The goal of world-building is to create the context for a story.
Consistency is an important element, since the world provides a
foundation for the action of a story.
An uninhabited world can be useful for certain purposes,
especially in science fiction, but the majority of constructed
worlds have one or more sentient species. These species can have
constructed cultures and constructed languages. Designers in
hard science fiction may design flora and fauna towards the end
of the world-building process, thus creating lifeforms with
environmental adaptations to scientifically novel situations.
Perhaps the most basic consideration of world-building is to
what degree a fictional world will be based on real-world
physics compared to magic. While magic is a more common element
of fantasy settings, science fiction worlds can contain magic or
technological equivalents of it. For example, the Biotics in the
science fiction video game series Mass Effect have abilities,
described scientifically in-game, which mirror those of mages in
fantasy games. In the science fiction novel Midnight at the Well
of Souls, magic exists, but is explained scientifically.
Some fictional worlds modify the real-world laws of physics;
faster-than-light travel is a common factor in much science
fiction. World-building may combine physics and magic, such as
in the Dark Tower series and the Star Wars franchise.
Constructed worlds often have cosmologies, both in the
scientific and metaphysical senses of the word. Design of
science fiction worlds, especially those with spacefaring
societies, usually entails creation of a star system and
planets. If the designer wishes to apply real-life principles of
astronomy, he or she may develop detailed astronomical measures
for the orbit of the world, and to define the physical
characteristics of the other bodies in the same system; this
establishes chronological parameters, such as the length of a
day and the durations of seasons. Some systems are intentionally
bizarre. For Larry Niven's novels The Integral Trees and The
Smoke Ring, Niven designed a "freefall" environment, a gas torus
ring of habitable pressure, temperature, and composition, around
a neutron star.
Fantasy worlds can also involve unique cosmologies. In Dungeons
and Dragons, the physical world is referred to as the Prime
Material Plane, but other planes of existence devoted to moral
or elemental concepts are available for play, such as the
Spell-jammer setting, which provides an entirely novel fantasy
astrophysical system. Some fantasy worlds feature fictional
religions. The Elder Scrolls series, for example, contains a
variety of religions practiced by its world's various races.

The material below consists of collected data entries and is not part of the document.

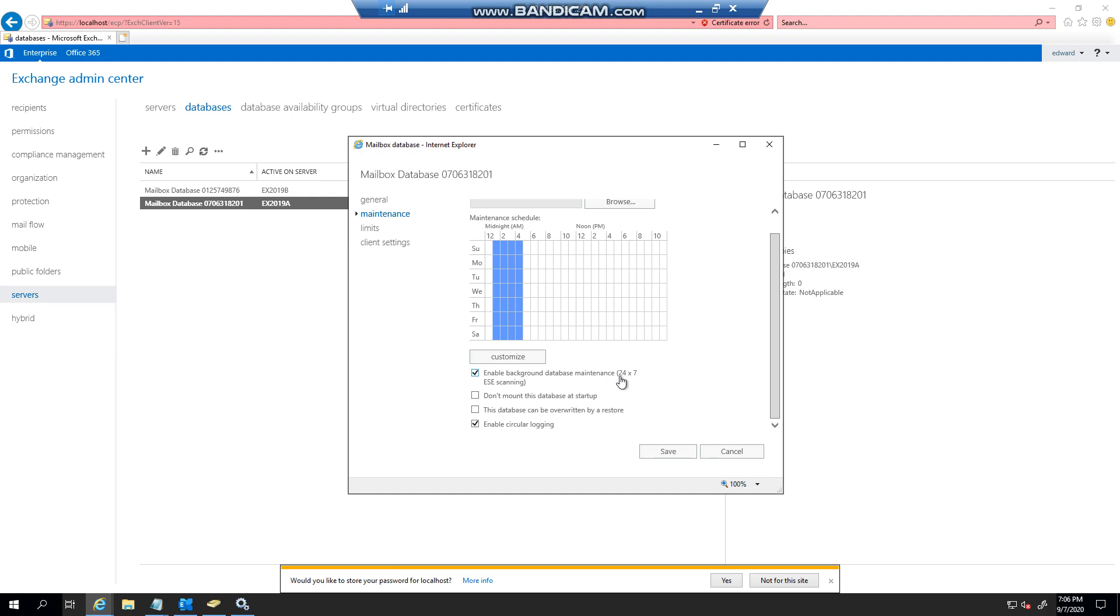Let it come online again. And then once we're done, you untick it again and then dismount, remount again, and verify circular logging. Thank you very much for watching.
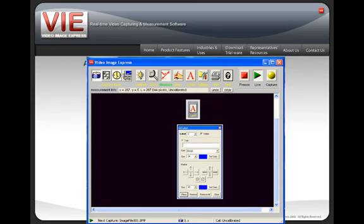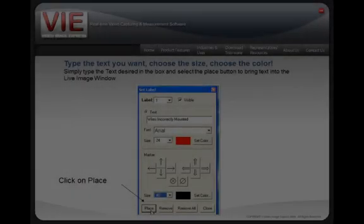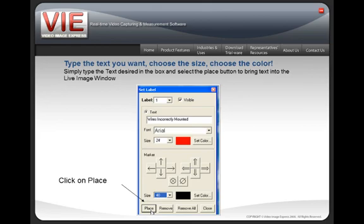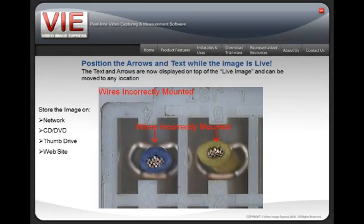Adding text is easy. Simply click on the label button and a label box will appear. You have up to 16 labels that you can put on any single image. When the label box appears, you can also pull down the font size or font color to change. Type the text you want in the box and click on the place button. This will place the text or arrows on the live image, and you can hold down the mouse and move the text or arrows to any position on the image. Then simply click capture.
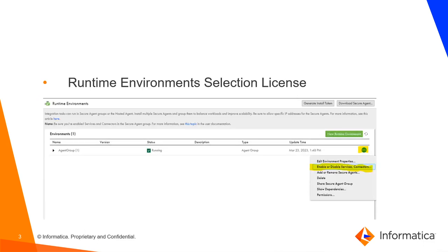So why are some of these connectors and services not viewable in the first place? Well the reason is because IICS introduced the license called the runtime environment selection to help manage connectors and services on an individual runtime environment basis.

The
world of the 2000 video game Summoner has a well-developed
cosmology, including a creation myth.
Map construction is often one of the earliest tasks of
world-building. Maps can lay out a world's basic terrain
features and significant civilizations present. A clear, concise
map that displays the locations of key points in the story can
be a helpful tool for developers and audiences alike. Finished
creative products, such as books, may contain published versions
of development maps; many editions of The Lord of the Rings, for
example, include maps of Middle-earth. Cartography of fictional
worlds is sometimes called geo-fiction.
The physical geography of a fictional world is important in
designing weather patterns and biomes such as deserts, wetlands,
mountains, and forests. These physical features also affect the
growth and interaction of the various societies, such as the
establishment of trade routes and locations of important cities.

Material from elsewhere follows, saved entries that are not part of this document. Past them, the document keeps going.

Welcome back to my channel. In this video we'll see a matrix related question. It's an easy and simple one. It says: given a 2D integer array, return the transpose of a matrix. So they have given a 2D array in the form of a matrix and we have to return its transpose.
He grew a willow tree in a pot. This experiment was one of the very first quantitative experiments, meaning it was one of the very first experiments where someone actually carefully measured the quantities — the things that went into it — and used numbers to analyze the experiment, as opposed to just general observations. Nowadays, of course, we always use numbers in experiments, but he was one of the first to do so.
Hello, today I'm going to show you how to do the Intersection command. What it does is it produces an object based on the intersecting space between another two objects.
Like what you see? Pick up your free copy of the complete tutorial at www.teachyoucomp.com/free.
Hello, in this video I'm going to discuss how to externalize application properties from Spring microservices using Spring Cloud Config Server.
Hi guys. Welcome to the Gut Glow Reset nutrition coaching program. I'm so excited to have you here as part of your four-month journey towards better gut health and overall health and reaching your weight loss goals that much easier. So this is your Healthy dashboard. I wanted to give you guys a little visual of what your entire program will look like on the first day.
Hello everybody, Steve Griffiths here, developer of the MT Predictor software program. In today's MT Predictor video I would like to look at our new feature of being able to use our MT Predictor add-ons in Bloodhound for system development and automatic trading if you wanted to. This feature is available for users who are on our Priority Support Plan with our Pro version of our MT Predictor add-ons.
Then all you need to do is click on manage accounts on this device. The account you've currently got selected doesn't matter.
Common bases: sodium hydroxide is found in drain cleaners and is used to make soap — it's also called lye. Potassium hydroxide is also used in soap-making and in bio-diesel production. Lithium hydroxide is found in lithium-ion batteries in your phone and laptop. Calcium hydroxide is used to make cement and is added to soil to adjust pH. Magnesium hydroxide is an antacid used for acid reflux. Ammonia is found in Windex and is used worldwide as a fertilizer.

Desire for control of natural resources in a fictional world may
lead to war among its people. Geography can also define
ecosystems for each biome. Often, Earth-like ecology is assumed,
but designers can vary drastically from this trend. For example,
Isaac Asimov's short story "The Talking Stone" takes place in a
world where silicon, rather than carbon, is the basic building
block of life.
Some software programs can create random terrain using fractal
algorithms. Sophisticated programs can apply geologic effects
such as tectonic plate movement and erosion; the resulting world
can be rendered in great detail, providing a degree of realism
to the result.
Worldbuilding designers sometimes employ past human
civilizations as a model for fictional societies. The 1990 video
game Worlds of Ultima: The Savage Empire, for example, takes
place in a world full of tribes based on civilizations in early
Mesoamerica and Africa. This method can make a fictional world
more accessible for an audience. Simon Provencher has stated as
a 'Golden Rule' of World-building that "...unless specified
otherwise, everything inside your world is assumed to behave
exactly as it would in the real world." Another example is
from Steven S. Long, a representative of the Champions
role-playing game, who stated that "Everything that happened in
the real world has also unfolded in the exact same way in the
Champions Universe.", so that means any past wars, elections,
and technological advancements in our world occurred the same
way in the Champions Universe unless explained otherwise.

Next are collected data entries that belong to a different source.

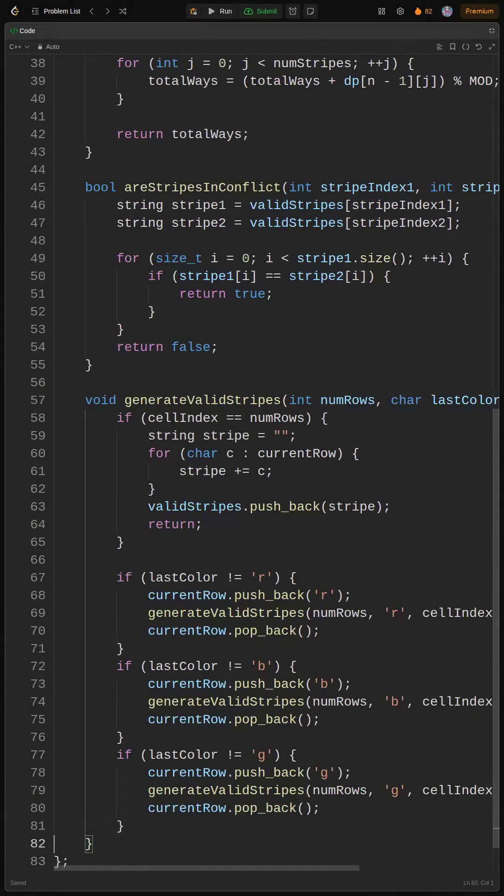Pseudocode. Generate valid stripes recursively, then iterate through the DP table to populate it. But hold up, what happens if the number of ways is too large?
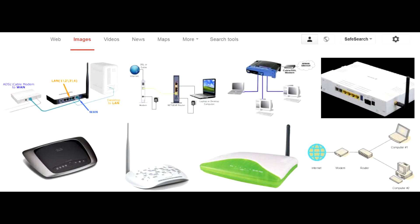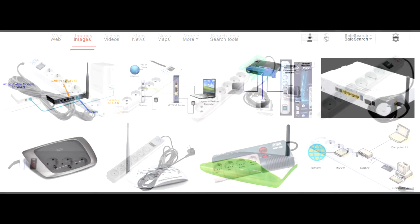Just reboot your modem, router, or whatever telecom device you use to connect to the internet. To reboot it, just unplug it from the power socket, wait for about a minute, and plug it back in.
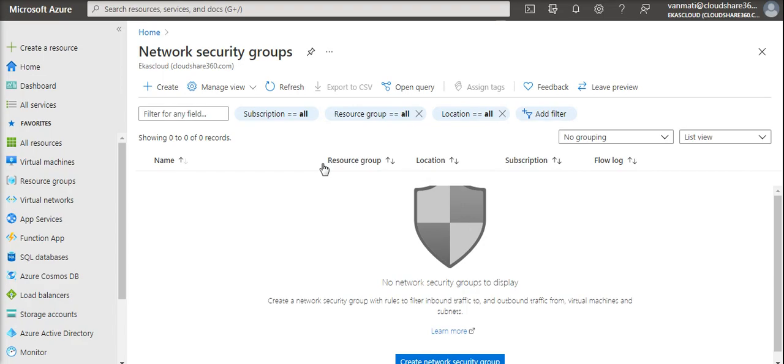This is where network security groups come in handy. For instance, place a network security group on the first subnet, that is the subnet with web apps and logic applications.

Creating a cohesive alien culture can be a distinct challenge.
Some designers have also looked to human civilizations for
inspiration in doing so, such as Star Trek's Romulans, whose
society resembles that of Ancient Rome. The fictional world's
history can explain past and present relationships between
different societies, which can introduce a story's action. A
past war, for example, functions as a key plot point in the
Shannara and Belgariad series.
A fictional city refers to a town, city or village that is made
up for fictional stories, and does not exist in real life, or
refers to a settlement that people believe exist without
definitive proof, such as Plato's account of Atlantis which some
believed was fiction while others believed it existed.
Cultures have always had legends and stories of fictional cities
from the earliest times. Other fictional cities appear most
commonly as settings or subjects of myth, literature, movies, or
Fictional cities appear commonly in stories of early mythology.
Some such cities are lost (Atlantis), hidden (Agartha,
Shambhala), destroyed (Ys) or must be reached by difficult means
During the mid to late 1500s, several expeditions were made by
various groups of people in order to locate what they believed
to be a city rich with gold; El Dorado. In 1541 Gonzalo Pizarro,
governor of Quito, Ecuador, banded together 340 soldiers and
about 4000 natives and led them in search of the fabled city.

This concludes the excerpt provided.